Each run offers a unique journey through the Inner World đź’, blending intense hack-n-slash gameplay with moments of introspection and self-realization.
Four forces govern the dreaming mind
These ethereal icons—soft, organic, dreamlike—represented the forces that shaped each run. Every resource carried meaning beyond mere numbers, reflecting the psychological journey of the Dreamer.
Environments born from the subconscious
The cosmic and physical order of Elsewhere is a manifestation of contemporary dream theory, largely influenced by the work of Carl Jung, Sigmund Freud, and Ann Faraday.
Their theories about why we dream and the meaning of common experiences and symbols found in dreams inform Elsewhere's internal logic.
You are the Dreamer navigating your own subconscious
Within the psyche, the player is the representation of the conscious mind. The Ego is responsible for one's sense of identity and individuality.

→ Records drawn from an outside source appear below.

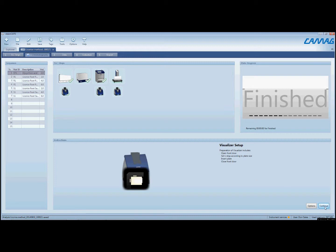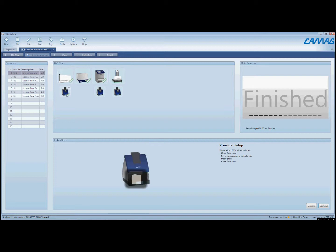And now we're going to click continue in order to acquire the images after the development step. You'll notice up here, as each step is complete, you'll have a check mark on each icon.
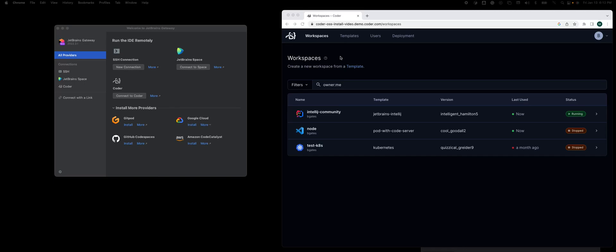Hey there, it's Mark with Coder. I'd like to give you a quick demo of using our plugin for JetBrains Gateway. In this case, I'm a Java developer. I want to use IntelliJ. I don't want to use it in a browser.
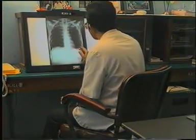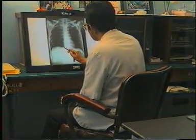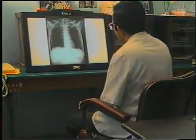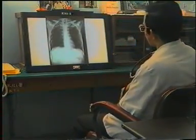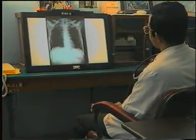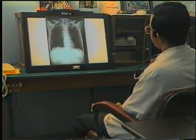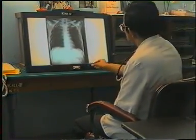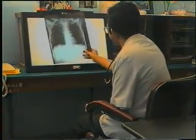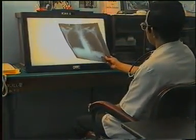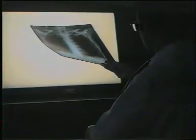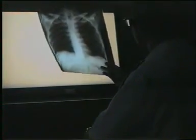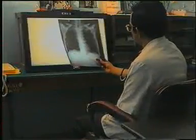After studying all these minute details, it is very important to stand at a distance and look at the film as a whole, because many times a close and minute inspection may miss a gross change. Then hold the film at an angle and view it slightly tangentially — minor changes in radiolucency of the lungs are better appreciated this way.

It is the part of the psyche that interacts with the external world—it persists when we are awake and has true agency.
In the narrative of the game, the player is an Ego that is strong enough to remain conscious while dreaming, which allows them to access a portal to Elsewhere and serves as the narrative justification for the game's unique mechanics.
Every dreamer is unique—your appearance should be too
The customization system let players mix and match different patterns, colors, and accessories to create a Dreamer that felt truly their own.
In a place where fantasy shapes reality, the truly powerful are those able to exist within the minds of many
Archetypes are the forms that spring eternal from our subconscious mind and are thought to be universally held amongst humans. In Jung, there are 12, but his pantheon is just a jumping off point.
In Elsewhere, the Archetypes hold similar influence and power to the Greek Pantheon. They have no single physical form and are rarely embodied, but they have their own realms, denizens, and characteristics.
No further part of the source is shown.